Task statement: After finding "Hi, welcome to" in the material below, output its line and every line after it through the last, exactly, but not the pictures.

Given information:
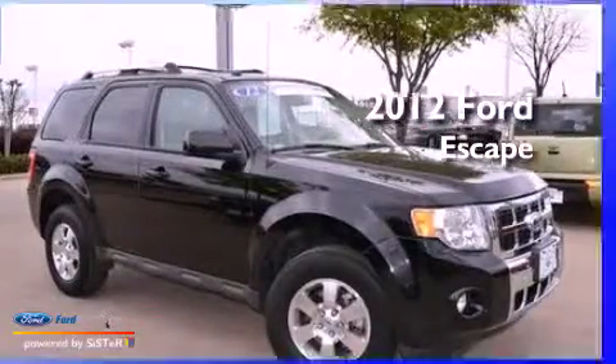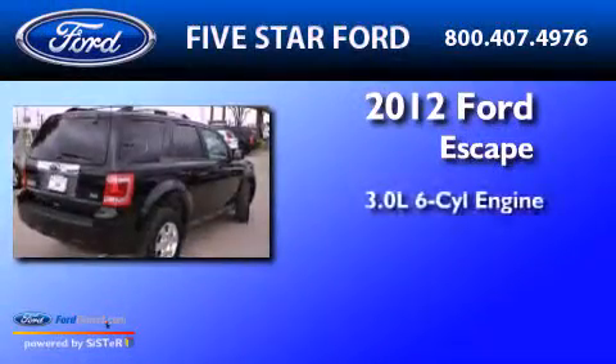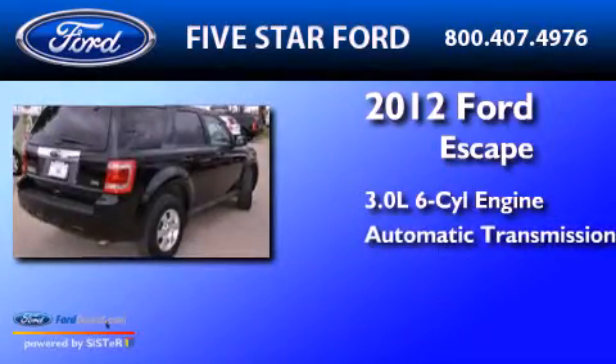This is a 2012 Ford Escape. It features a 3.0-liter six-cylinder engine and an automatic transmission.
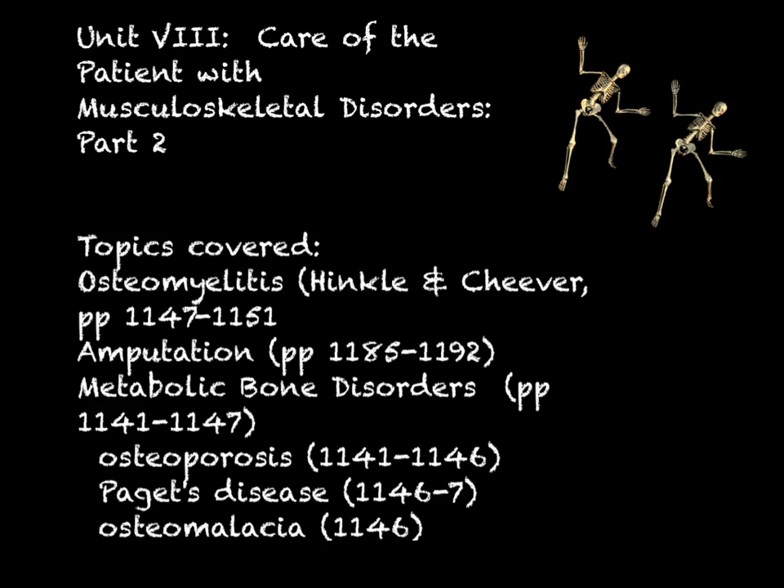Hi, welcome to Unit 8. This is Part 2 of our musculoskeletal unit. Last week we talked about fractures, cast care, traction, internal fixation, external fixation, and musculoskeletal assessment. It was pretty substantial — about 3 hours and 45 minutes of audio lecture.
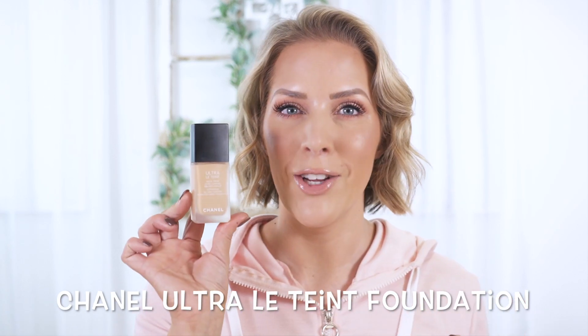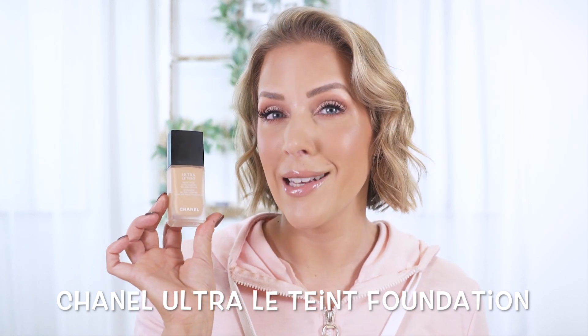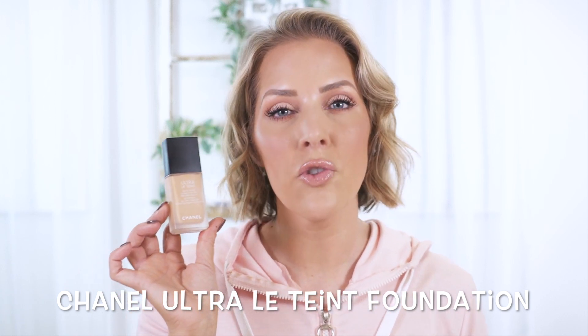The final one is the Chanel Ultra Le Teint Ultra Wear All Day Comfort Flawless Finish Foundation. I'm in shade B30, which is described as medium with neutral undertones — it leans a little warm but is not super golden. This is obviously the most expensive at $65, and it comes in 35 shades. I mentioned when talking about NARS that there was a close second I love as a mixing foundation — this is it. I really love mixing this with the Chanel Liquid Illuminator or any liquid illuminator. You can also dial it down with a tinted moisturizer. On its own it's pretty matte, but like the NARS, it's a softer matte finish that truly lasts all day.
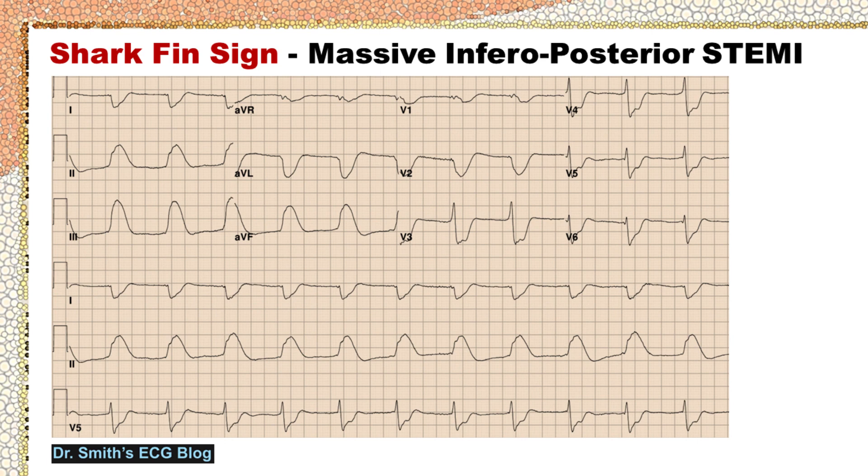This is an ECG from Dr. Smith's ECG blog, showing shark fin sign of massive infraposterior STEMI in a 75-year-old man who collapsed to the ground in cardiac arrest while shopping.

Solution to this exercise:
Hi, welcome to Unit 8. This is Part 2 of our musculoskeletal unit. Last week we talked about fractures, cast care, traction, internal fixation, external fixation, and musculoskeletal assessment. It was pretty substantial — about 3 hours and 45 minutes of audio lecture.
The final one is the Chanel Ultra Le Teint Ultra Wear All Day Comfort Flawless Finish Foundation. I'm in shade B30, which is described as medium with neutral undertones — it leans a little warm but is not super golden. This is obviously the most expensive at $65, and it comes in 35 shades. I mentioned when talking about NARS that there was a close second I love as a mixing foundation — this is it. I really love mixing this with the Chanel Liquid Illuminator or any liquid illuminator. You can also dial it down with a tinted moisturizer. On its own it's pretty matte, but like the NARS, it's a softer matte finish that truly lasts all day.
This is an ECG from Dr. Smith's ECG blog, showing shark fin sign of massive infraposterior STEMI in a 75-year-old man who collapsed to the ground in cardiac arrest while shopping.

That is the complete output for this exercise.